Hernandez ran in 2020 against an incumbent former Orange County Sheriff’s deputy on a police reform platform. He won by 9 percentage points.
At the scene before the shooting, body camera footage shows the councilmember in a T-shirt and shorts, asking to speak with his cousin and telling an officer he’s worried because “cops kill people every day.”
The officer responds: “People kill people every day.”
“Absolutely,” Hernandez said, “but you’ll get away with it.”
CalMatters requested raw footage, interviews and relevant documents associated with the Lopez shooting from the Anaheim Police Department in September. The department denied the request, citing the ongoing investigation.

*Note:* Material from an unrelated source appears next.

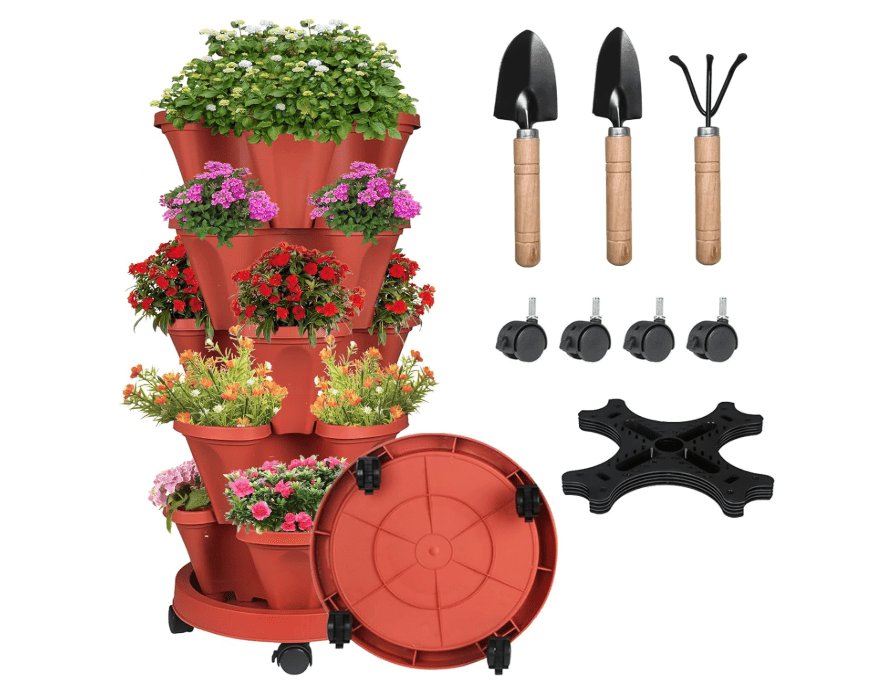  Vertical Strawberry Planter-5 Tier Stackable Herb Tower Planters Stacking Garden Planters Pot Outdoor with Tools Removable Wheels for Growing Flowers
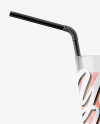 Plastic Cup w/ Strawberry Smoothie and Straw Mockup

When the Justice Department took control of the investigation, Hernandez said he was hopeful it would avoid the local politics of Santa Ana and Orange County. Unlike Holland’s family, Hernandez said his relatives do not think well of the police. He and Lopez’s mother, Johanna, told CalMatters they refused to speak with the local cops after the shooting.
“You cannot trust the people who just murdered your loved one to properly investigate each other,” Hernandez said.
Now, because of the delay, he wonders whether he and his family can trust the Justice Department.